─── Information
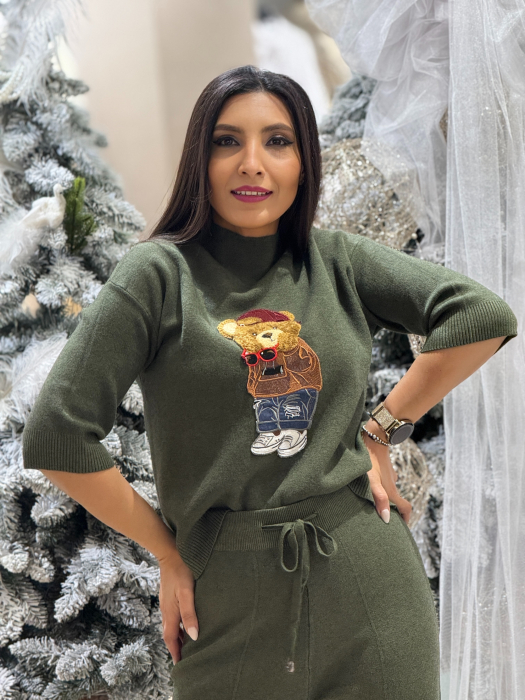 Bluza cu imprimeu ursulet cu sapca [2]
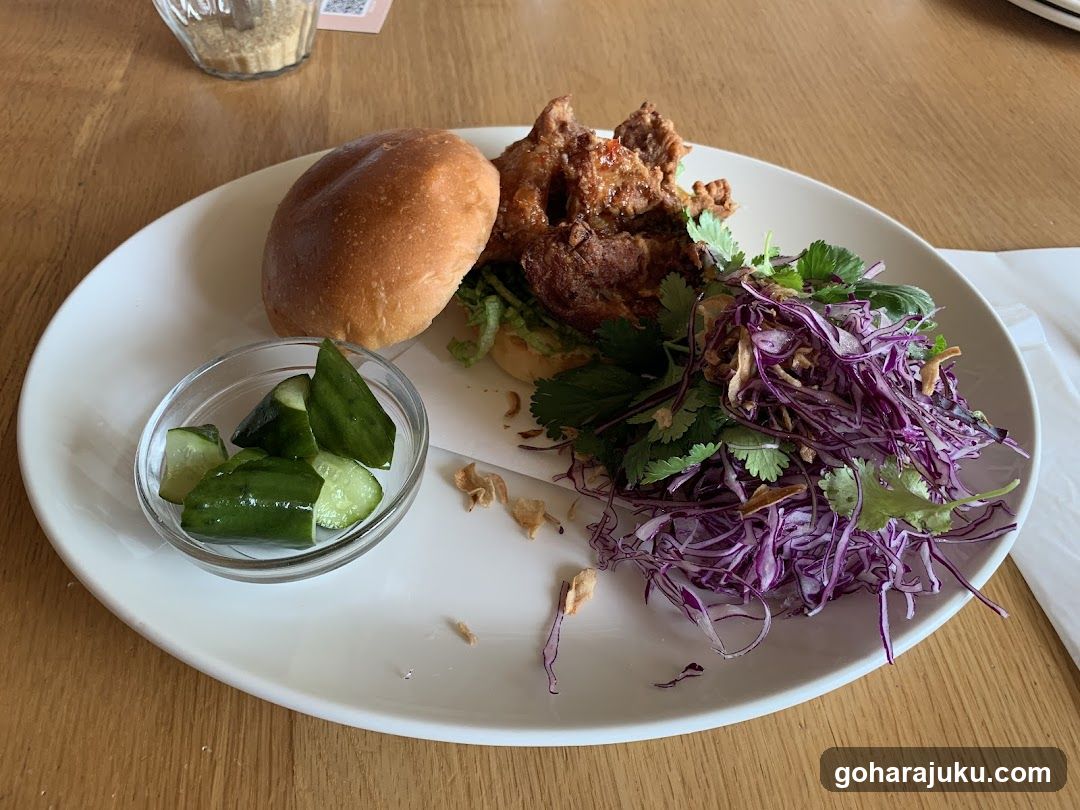Burger with sides on a plate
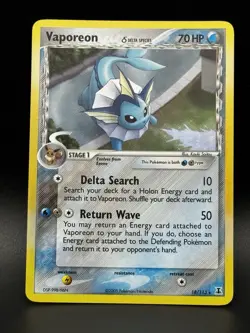 Pokemon TCG Vaporeon Holo 18/113 Unlimited EX Delta Species 2005 Lp - Image 3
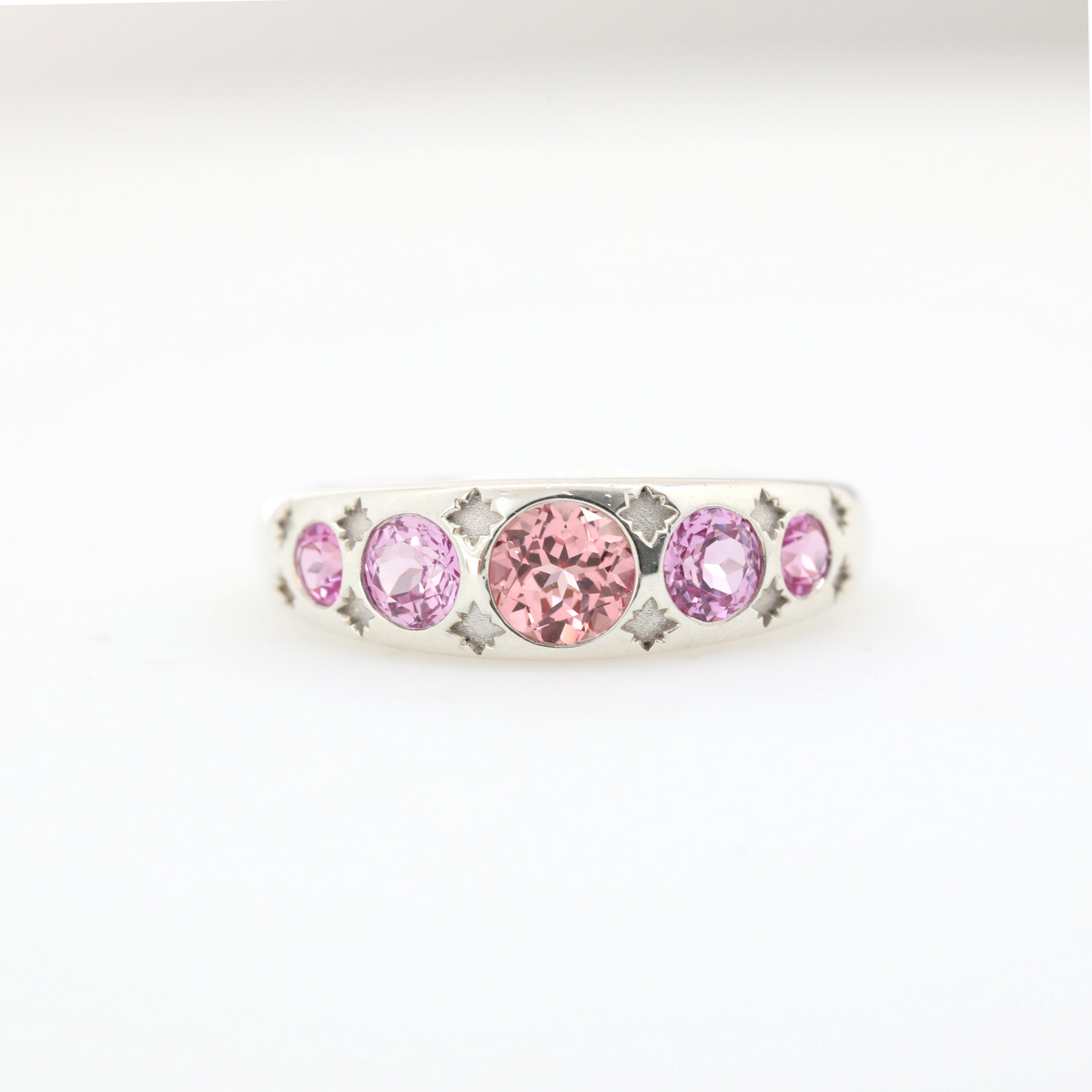 S925 Round Pink Sapphire 5 stone Ring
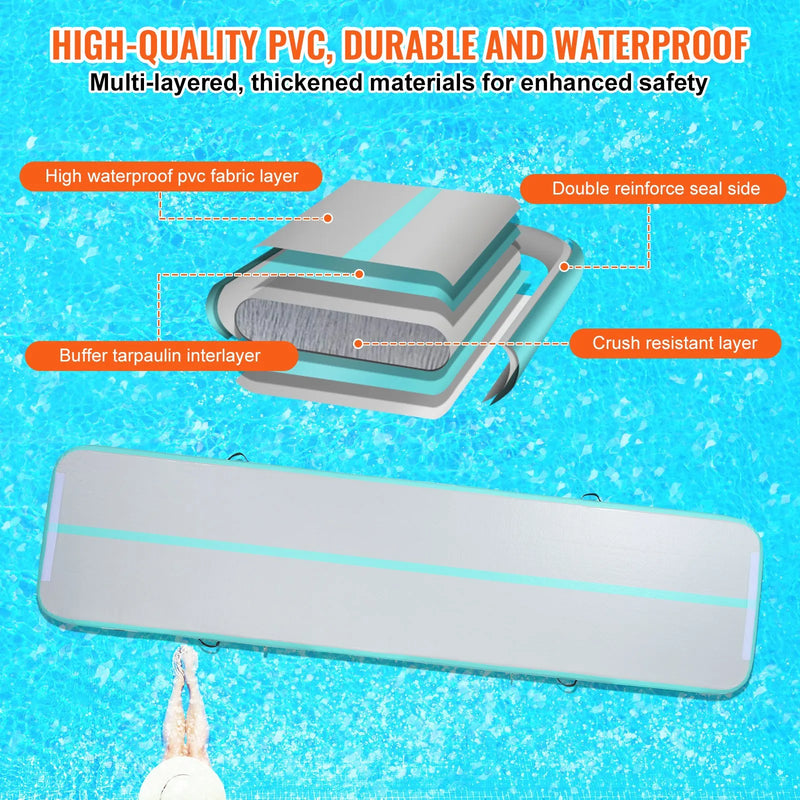 4 m piepūšamais Air Track treniņu celiņš vingrošanai ar pumpi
──────
* [Task goal] Omit the pictures, then copy out all the data exactly as it stands.

* [Final answer]
 Bluza cu imprimeu ursulet cu sapca [2]
Burger with sides on a plate
 Pokemon TCG Vaporeon Holo 18/113 Unlimited EX Delta Species 2005 Lp - Image 3
 S925 Round Pink Sapphire 5 stone Ring
 4 m piepūšamais Air Track treniņu celiņš vingrošanai ar pumpi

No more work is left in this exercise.